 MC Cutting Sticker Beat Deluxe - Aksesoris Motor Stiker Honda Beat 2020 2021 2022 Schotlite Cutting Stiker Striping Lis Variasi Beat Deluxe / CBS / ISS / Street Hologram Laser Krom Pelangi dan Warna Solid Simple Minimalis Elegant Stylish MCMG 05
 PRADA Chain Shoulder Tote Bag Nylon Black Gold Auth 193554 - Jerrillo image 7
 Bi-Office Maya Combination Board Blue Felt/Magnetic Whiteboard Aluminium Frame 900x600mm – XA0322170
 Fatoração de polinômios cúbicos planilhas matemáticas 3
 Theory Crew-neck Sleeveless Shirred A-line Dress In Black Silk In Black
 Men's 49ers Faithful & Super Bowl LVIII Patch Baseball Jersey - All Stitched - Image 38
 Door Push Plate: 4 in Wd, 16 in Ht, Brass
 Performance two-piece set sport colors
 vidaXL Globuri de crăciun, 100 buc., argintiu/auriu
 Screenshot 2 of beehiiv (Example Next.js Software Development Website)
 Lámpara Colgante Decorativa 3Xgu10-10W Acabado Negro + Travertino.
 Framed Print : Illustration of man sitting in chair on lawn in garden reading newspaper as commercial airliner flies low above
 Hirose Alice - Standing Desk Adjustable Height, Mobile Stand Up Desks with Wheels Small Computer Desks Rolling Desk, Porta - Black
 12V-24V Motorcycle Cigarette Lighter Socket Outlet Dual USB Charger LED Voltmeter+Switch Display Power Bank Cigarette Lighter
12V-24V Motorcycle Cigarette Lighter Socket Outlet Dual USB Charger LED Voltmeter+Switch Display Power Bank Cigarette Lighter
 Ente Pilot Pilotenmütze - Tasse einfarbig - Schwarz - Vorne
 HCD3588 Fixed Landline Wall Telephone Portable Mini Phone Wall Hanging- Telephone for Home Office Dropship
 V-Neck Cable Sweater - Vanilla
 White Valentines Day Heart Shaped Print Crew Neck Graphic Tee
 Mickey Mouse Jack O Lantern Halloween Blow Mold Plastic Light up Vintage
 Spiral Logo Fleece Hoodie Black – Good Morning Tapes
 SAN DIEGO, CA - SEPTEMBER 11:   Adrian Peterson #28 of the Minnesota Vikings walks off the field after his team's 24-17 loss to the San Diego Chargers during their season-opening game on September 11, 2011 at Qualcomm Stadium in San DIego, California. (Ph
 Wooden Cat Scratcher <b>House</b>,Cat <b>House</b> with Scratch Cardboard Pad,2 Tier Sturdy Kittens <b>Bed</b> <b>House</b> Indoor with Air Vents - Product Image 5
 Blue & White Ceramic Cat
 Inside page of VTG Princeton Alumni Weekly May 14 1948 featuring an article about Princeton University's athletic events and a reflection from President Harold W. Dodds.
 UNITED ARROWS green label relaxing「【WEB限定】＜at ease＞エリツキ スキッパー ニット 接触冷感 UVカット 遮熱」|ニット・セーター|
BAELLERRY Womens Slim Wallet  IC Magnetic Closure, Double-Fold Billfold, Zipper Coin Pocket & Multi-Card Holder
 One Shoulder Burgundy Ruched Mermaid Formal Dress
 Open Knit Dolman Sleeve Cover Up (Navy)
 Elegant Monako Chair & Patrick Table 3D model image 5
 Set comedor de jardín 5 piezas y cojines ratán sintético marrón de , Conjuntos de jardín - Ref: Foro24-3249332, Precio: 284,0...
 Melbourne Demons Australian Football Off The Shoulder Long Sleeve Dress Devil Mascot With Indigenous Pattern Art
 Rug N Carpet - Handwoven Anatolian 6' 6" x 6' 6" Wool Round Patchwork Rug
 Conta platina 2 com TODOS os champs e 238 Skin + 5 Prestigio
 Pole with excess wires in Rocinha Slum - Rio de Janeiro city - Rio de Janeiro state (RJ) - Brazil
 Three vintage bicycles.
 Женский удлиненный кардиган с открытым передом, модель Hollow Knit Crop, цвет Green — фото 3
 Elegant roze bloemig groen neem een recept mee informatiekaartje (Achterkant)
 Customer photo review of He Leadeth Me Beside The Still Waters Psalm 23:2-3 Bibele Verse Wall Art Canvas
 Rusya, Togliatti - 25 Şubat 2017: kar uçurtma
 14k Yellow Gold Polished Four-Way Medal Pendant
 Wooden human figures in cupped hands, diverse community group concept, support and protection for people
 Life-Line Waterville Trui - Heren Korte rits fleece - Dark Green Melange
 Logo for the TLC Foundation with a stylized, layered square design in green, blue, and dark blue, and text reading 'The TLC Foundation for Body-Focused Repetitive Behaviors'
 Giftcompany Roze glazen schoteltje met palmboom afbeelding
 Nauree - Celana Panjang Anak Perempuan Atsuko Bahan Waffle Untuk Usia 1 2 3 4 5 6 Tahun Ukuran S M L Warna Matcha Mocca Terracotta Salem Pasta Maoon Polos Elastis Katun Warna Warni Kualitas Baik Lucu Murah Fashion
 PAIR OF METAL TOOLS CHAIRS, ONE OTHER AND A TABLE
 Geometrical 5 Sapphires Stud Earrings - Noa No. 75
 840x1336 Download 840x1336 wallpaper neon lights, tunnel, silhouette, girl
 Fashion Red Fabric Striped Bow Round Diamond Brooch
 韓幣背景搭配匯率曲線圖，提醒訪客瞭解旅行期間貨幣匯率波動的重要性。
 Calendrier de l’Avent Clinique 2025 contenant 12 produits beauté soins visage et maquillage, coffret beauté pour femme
+ + +
◆ **What you have to do**:
Go through the listing above and locate each line that holds the word "Print". Copy those lines.

◆ **Answer to the problem**:
 Framed Print : Illustration of man sitting in chair on lawn in garden reading newspaper as commercial airliner flies low above
 White Valentines Day Heart Shaped Print Crew Neck Graphic Tee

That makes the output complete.